DATA TO EXAMINE:
____
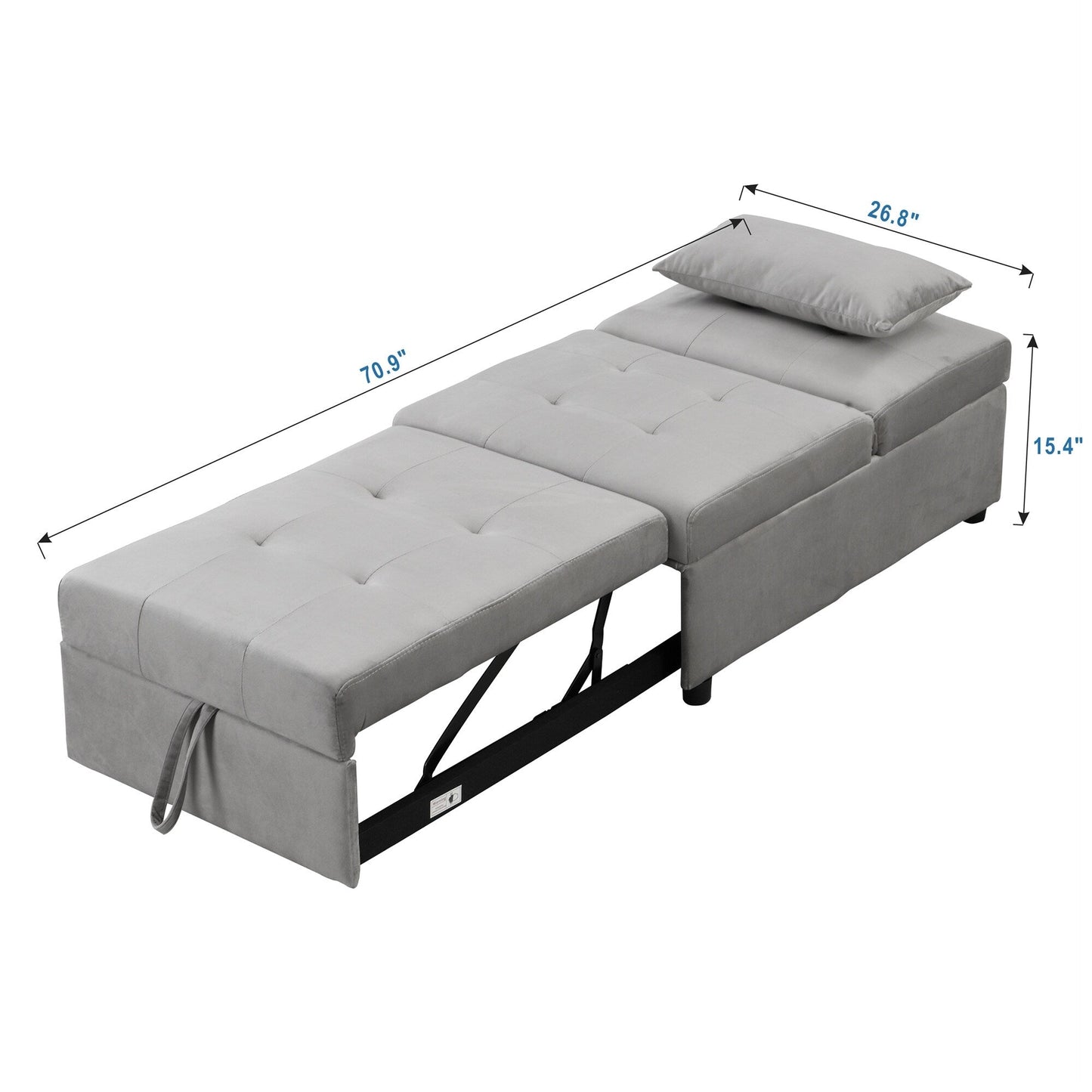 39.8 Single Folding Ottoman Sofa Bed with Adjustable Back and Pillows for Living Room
____
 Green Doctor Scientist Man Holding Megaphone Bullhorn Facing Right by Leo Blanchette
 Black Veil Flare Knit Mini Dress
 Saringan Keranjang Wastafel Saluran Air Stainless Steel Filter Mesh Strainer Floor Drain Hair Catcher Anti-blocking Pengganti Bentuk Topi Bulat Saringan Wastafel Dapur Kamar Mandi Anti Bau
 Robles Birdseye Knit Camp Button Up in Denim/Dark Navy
____
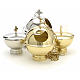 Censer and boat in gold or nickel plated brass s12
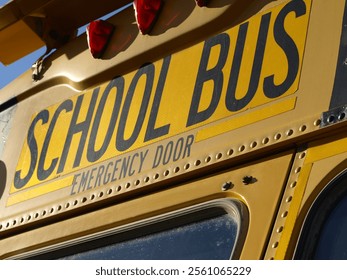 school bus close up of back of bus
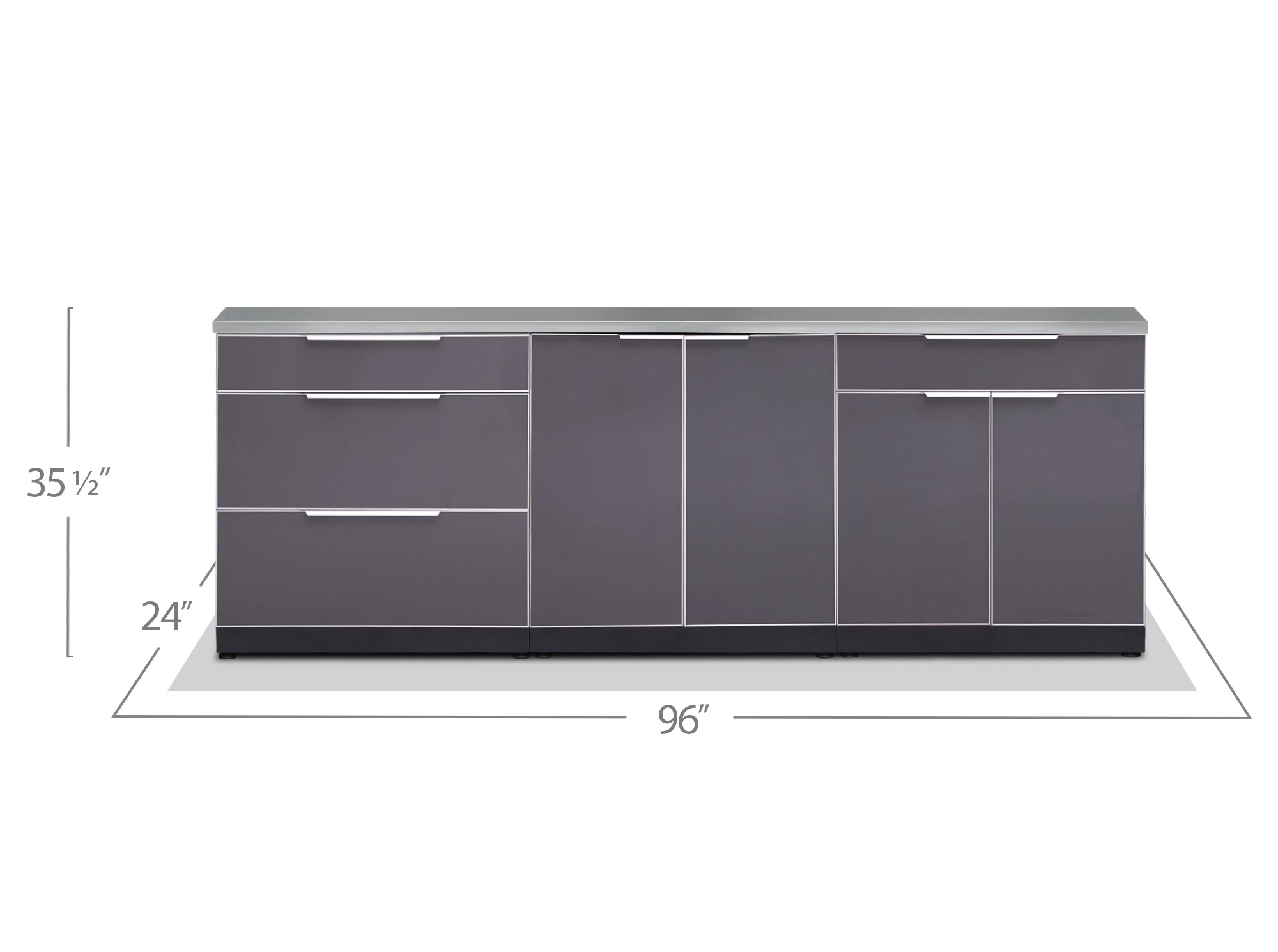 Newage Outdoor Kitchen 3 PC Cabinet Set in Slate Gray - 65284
____
PROBLEM: Return only the part above that opens with the line containing "Censer and boat" and closes with the line containing "Newage Outdoor Kitchen", exactly and with both ends, skipping the pictures.

SOLUTION:
 Censer and boat in gold or nickel plated brass s12
 school bus close up of back of bus
 Newage Outdoor Kitchen 3 PC Cabinet Set in Slate Gray - 65284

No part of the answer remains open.